Records from a data collection
....

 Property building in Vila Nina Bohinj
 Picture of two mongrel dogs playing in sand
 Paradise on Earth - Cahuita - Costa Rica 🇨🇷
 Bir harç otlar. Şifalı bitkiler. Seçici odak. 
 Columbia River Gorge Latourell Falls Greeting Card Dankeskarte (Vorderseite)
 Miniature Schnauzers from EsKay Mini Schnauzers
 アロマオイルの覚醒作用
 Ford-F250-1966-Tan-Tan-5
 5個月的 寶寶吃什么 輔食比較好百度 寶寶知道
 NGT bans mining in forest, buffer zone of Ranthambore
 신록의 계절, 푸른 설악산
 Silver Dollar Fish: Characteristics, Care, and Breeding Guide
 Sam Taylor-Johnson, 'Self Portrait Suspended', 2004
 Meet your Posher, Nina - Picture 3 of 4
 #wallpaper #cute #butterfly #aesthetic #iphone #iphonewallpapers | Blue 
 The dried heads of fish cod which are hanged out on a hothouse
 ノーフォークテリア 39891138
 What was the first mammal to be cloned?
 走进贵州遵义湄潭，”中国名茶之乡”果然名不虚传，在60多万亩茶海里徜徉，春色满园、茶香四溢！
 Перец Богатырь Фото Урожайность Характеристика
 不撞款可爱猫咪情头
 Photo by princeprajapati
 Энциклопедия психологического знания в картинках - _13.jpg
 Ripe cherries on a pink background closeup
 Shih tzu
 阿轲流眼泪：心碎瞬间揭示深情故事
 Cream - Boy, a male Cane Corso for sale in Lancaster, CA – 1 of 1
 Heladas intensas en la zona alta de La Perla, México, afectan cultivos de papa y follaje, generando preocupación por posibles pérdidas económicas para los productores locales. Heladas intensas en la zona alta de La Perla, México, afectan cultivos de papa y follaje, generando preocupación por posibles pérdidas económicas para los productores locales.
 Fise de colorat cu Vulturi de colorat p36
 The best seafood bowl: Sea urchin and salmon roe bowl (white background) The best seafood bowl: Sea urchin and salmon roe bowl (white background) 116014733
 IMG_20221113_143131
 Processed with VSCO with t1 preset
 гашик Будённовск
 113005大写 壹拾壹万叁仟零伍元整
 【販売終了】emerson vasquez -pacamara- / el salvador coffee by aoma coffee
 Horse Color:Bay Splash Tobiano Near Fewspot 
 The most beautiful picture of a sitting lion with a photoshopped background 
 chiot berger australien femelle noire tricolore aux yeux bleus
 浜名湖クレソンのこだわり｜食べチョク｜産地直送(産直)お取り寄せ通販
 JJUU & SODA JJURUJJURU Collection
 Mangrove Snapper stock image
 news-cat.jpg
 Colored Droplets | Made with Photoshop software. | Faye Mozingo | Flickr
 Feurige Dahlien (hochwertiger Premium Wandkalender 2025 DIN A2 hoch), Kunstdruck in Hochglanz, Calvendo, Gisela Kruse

....

* [What to do] Reproduce only this range: the first line of the data above through the line with "NGT bans mining", both included, exactly as written.

* [Worked solution]
 Property building in Vila Nina Bohinj
 Picture of two mongrel dogs playing in sand
 Paradise on Earth - Cahuita - Costa Rica 🇨🇷
 Bir harç otlar. Şifalı bitkiler. Seçici odak. 
 Columbia River Gorge Latourell Falls Greeting Card Dankeskarte (Vorderseite)
 Miniature Schnauzers from EsKay Mini Schnauzers
 アロマオイルの覚醒作用
 Ford-F250-1966-Tan-Tan-5
 5個月的 寶寶吃什么 輔食比較好百度 寶寶知道
 NGT bans mining in forest, buffer zone of Ranthambore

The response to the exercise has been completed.